Exercise brief » Every line from the one with "Femme Maillot Saverio" through the last line below should be repeated exactly; pictures stay out of the copy.

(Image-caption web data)
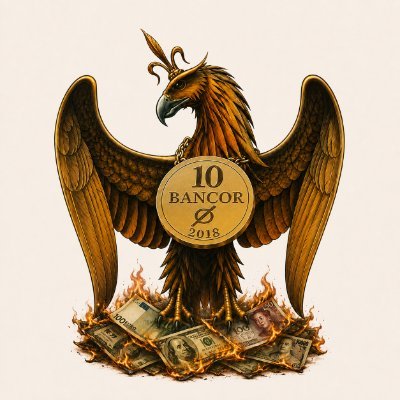 A griffin-like mythical creature with outstretched wings holds a gold coin labeled "10 BANCOR 2018" while standing atop a pile of burning U.S. currency.

The image metaphorically illustrates the post's point about asymmetric opportunity: the powerful, golden "10 Bancor" emblem contrasts sharply with the small, burning pile of cash beneath it, symbolizing how a $25B company like Circle/Arc engaging with a sub-$10M memecoin platform offers a disproportionately large upside relative to the modest capital required to gain entry via OTC.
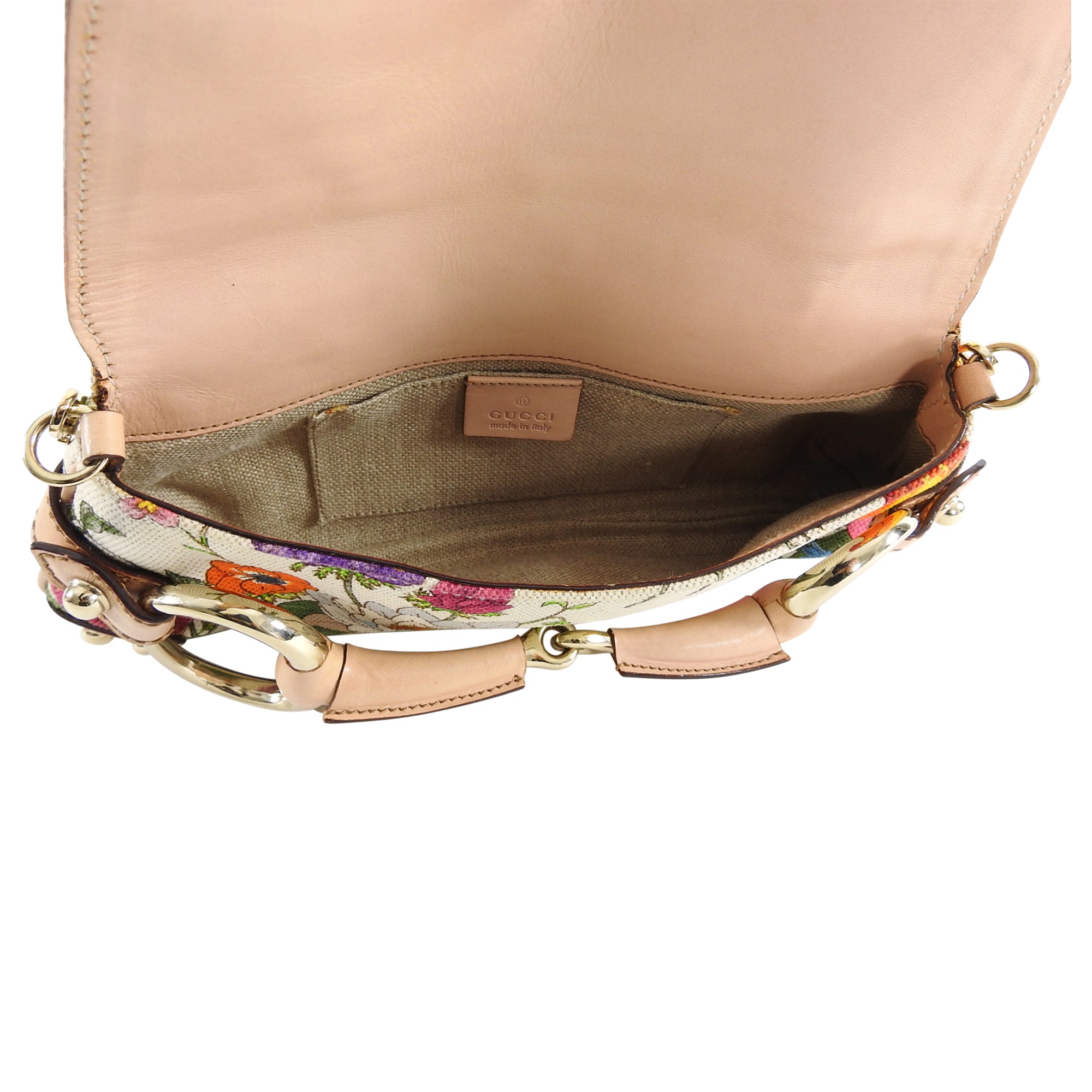 Gucci Flora and Fauna Canvas Horsebit Chain Baguette Small Shoulder Bag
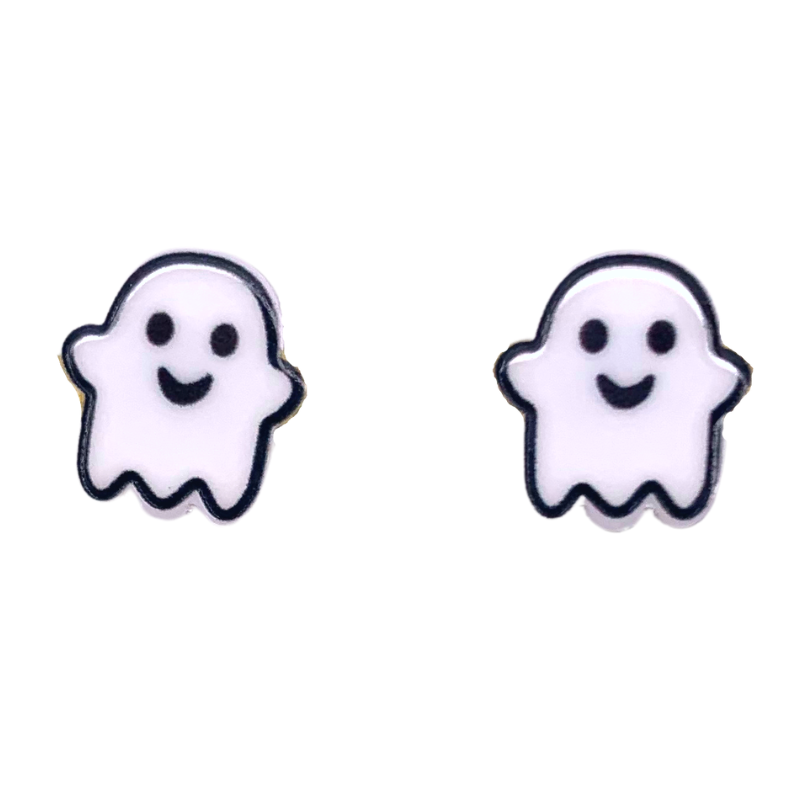friendly ghost stud earrings a white ghost with a smile white and black studs halloween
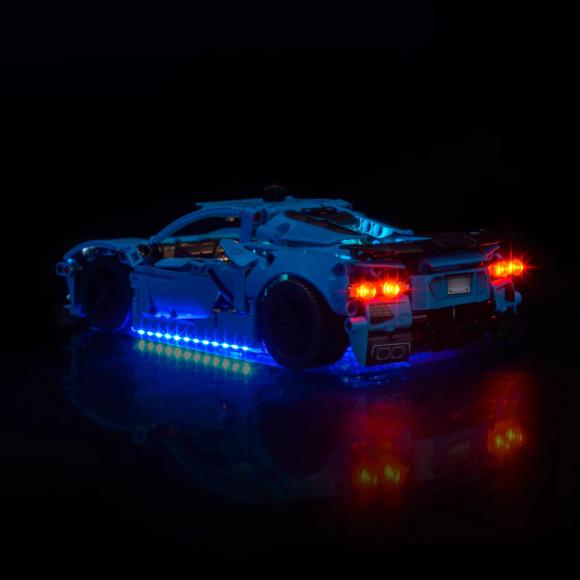BrickBling lyssæt til: Technic 42217 Blå Chevrolet Corvette Stingray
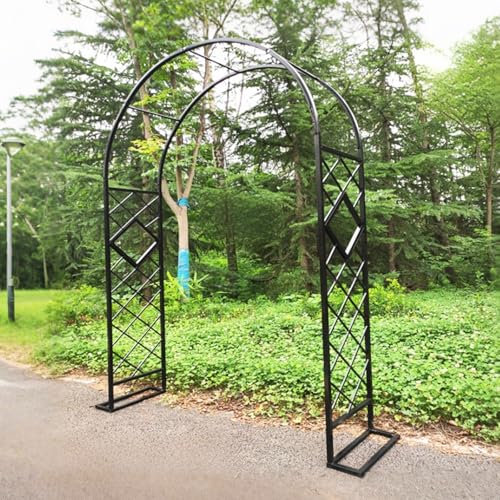 AJTXCSFOQL Rosenbögen Metall Gartenbogen 180 220 260 140 300 340, Rankgitter Spalier mit Basis, Stabiler Rankhilfe für Kletterpflanzen und Rosen Clematis, Garten-Torbogen(Schwarz,W340xH270xD40cm)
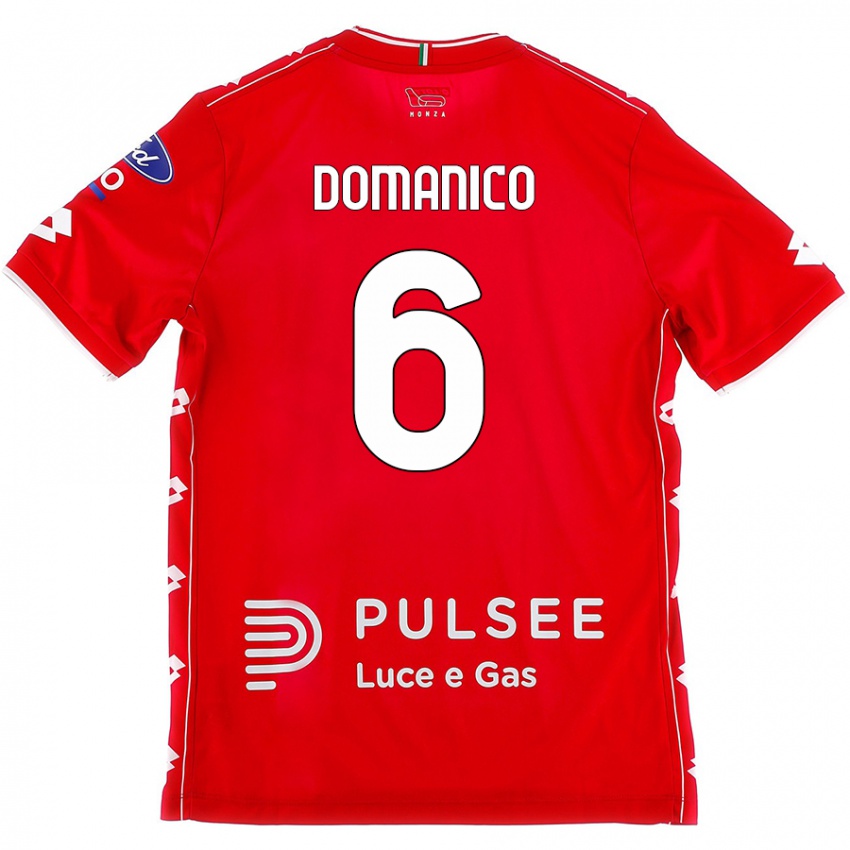 Femme Maillot Saverio Domanico #6 Rouge Blanc Tenues Domicile 2024/25 T-Shirt Suisse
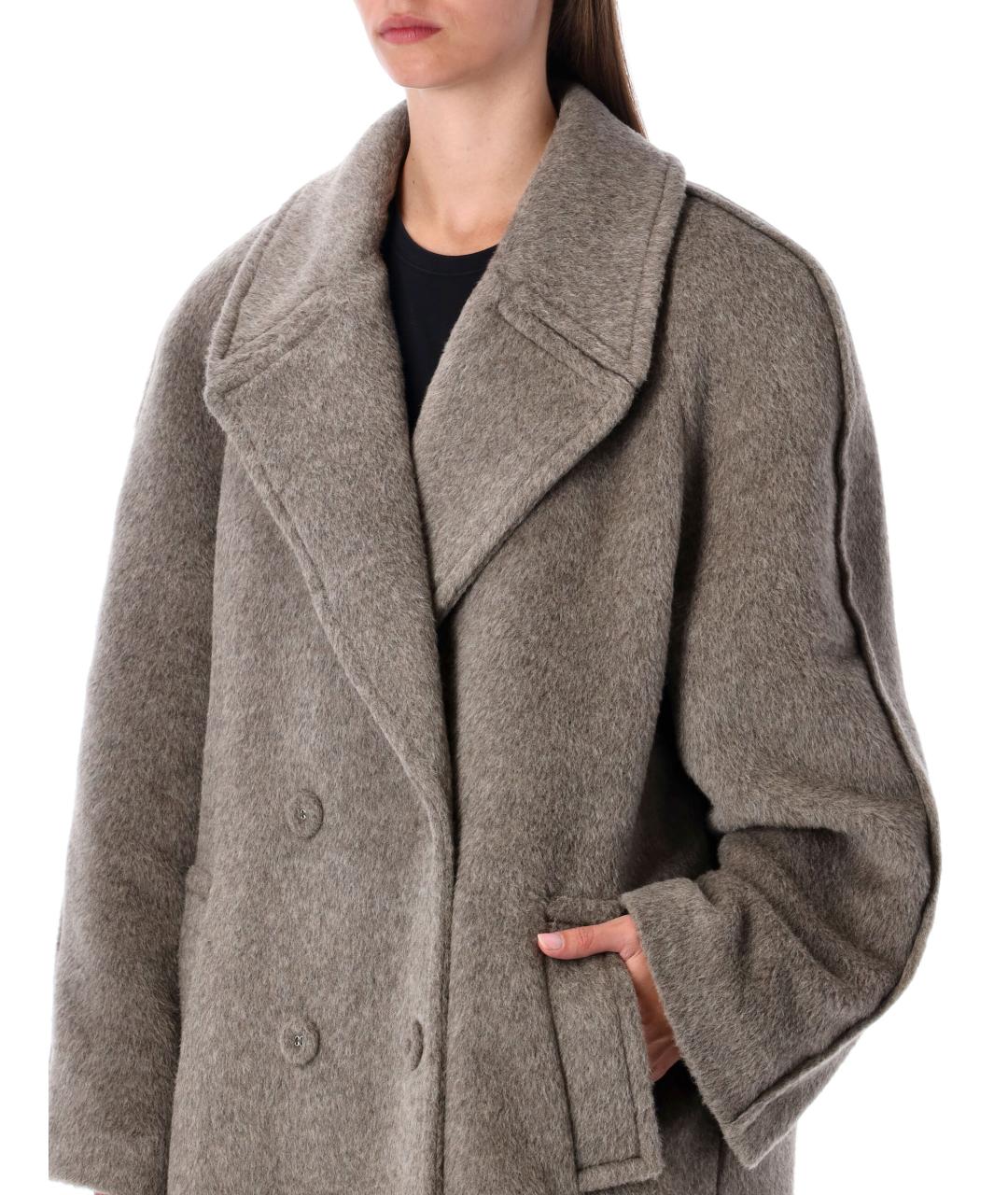 ACNE STUDIOS Серое шерстяное пальто, фото 4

Output below »
 Femme Maillot Saverio Domanico #6 Rouge Blanc Tenues Domicile 2024/25 T-Shirt Suisse
 ACNE STUDIOS Серое шерстяное пальто, фото 4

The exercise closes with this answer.